After more than six months with a shorthanded leadership team, the Guthrie Theater will be back to full power soon.
The region’s flagship theater announced Wednesday that it had hired a new managing director and development director, both critical roles on the theater’s five-person senior management team.
James Haskins, managing director of the Wilma Theater in Philadelphia, will take the same title at the Guthrie. A former actor, director and dramaturge, the Gettysburg, Pa., native has worked at several theaters across the U.S., including New York City’s Circle Repertory Company and Seattle’s Group Theatre. Praised by Guthrie artistic director Joseph Haj as a “thoughtful and compelling thinker and communicator,” Haskins will join the Guthrie on March 25.
Incoming development director Mollie Alexander Hogan will beat Haskins to the theater by a week, starting her new job March 18. Currently in the same role at Kansas City Repertory Theatre, the native Kentuckian also worked in arts administrations at Chicago’s About Face Theatre and Hubbard Street Dance. The hiring committee was especially impressed by her “strategic thinking, drive and data-driven approach,” Haj said.
Both the development and managing director positions have been vacant since Danielle St. Germain-Gordon left the former job in May and Jennifer Bielstein left the latter position in June. Another member of the Guthrie leadership team, production director David Stewart, also resigned last summer. Rebecca Cribbin was hired to replace him in December.

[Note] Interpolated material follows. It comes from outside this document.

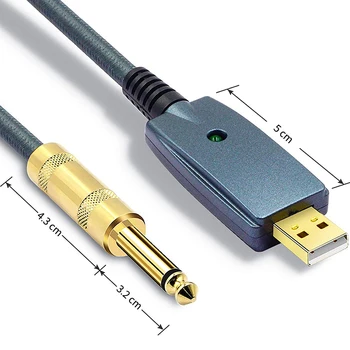 USB za 6,35 mm Kitare Kabel 3m Kitara Dock za PC USB Snemanje Povezavo Kabel Adapter Združljiva Windows MacOS Kabel Konektorji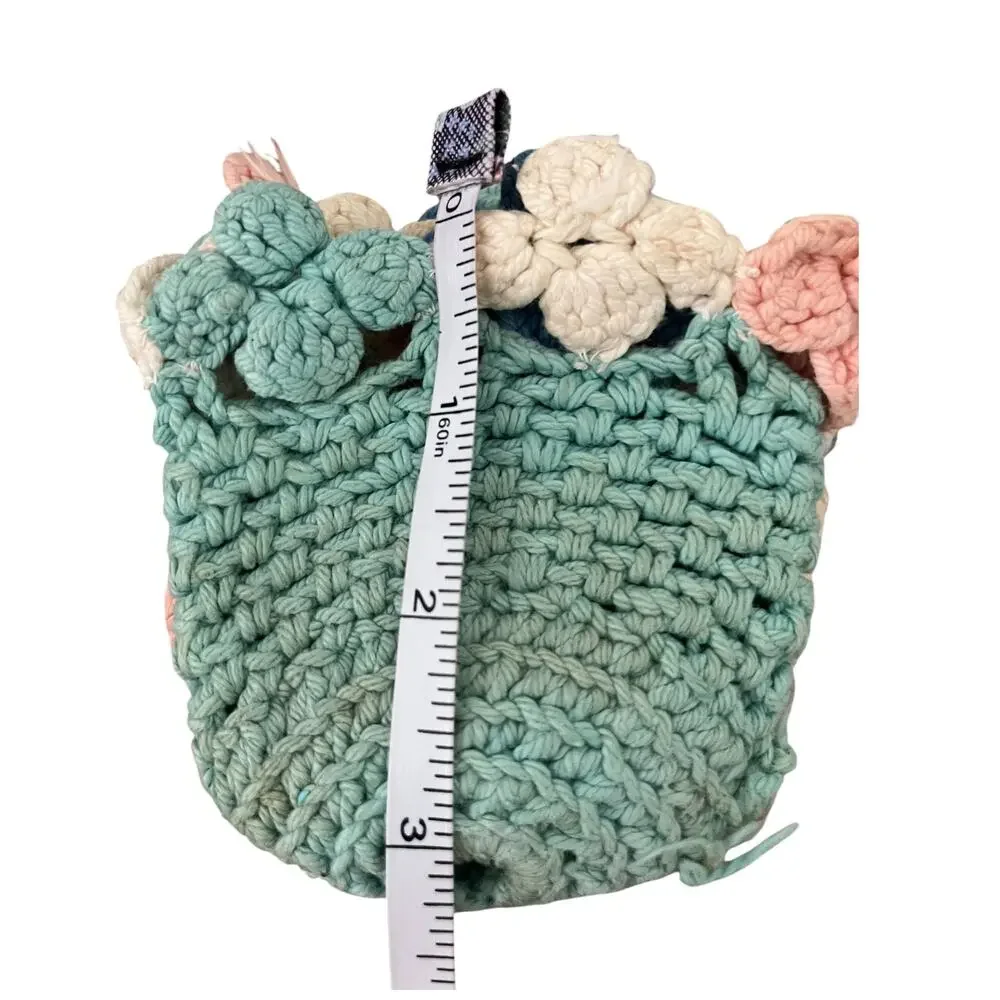 Vintage Set of 3 Crochet Plant Pot Pink Turquoise Holders Shaby Chic Farmhouse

Management Consultants for the Arts, the national firm the Guthrie used for both hires, recruited about a dozen candidates for each role. Haj met with seven candidates for both titles, with four or five finalists in each position visiting the theater to meet with board members and staff.
According to Haj, one complicating factor in recruiting senior managers was an unprecedented number of theater leaders departing their jobs in recent years. “The field has never seen this much transition in the 70-year history of the not-for-profit theater movement,” Haj said by phone while vacationing in Florida.
On the upside, he added, the theater’s search for new leaders confirmed that the Guthrie remains “among a handful of theaters people desire to work for.”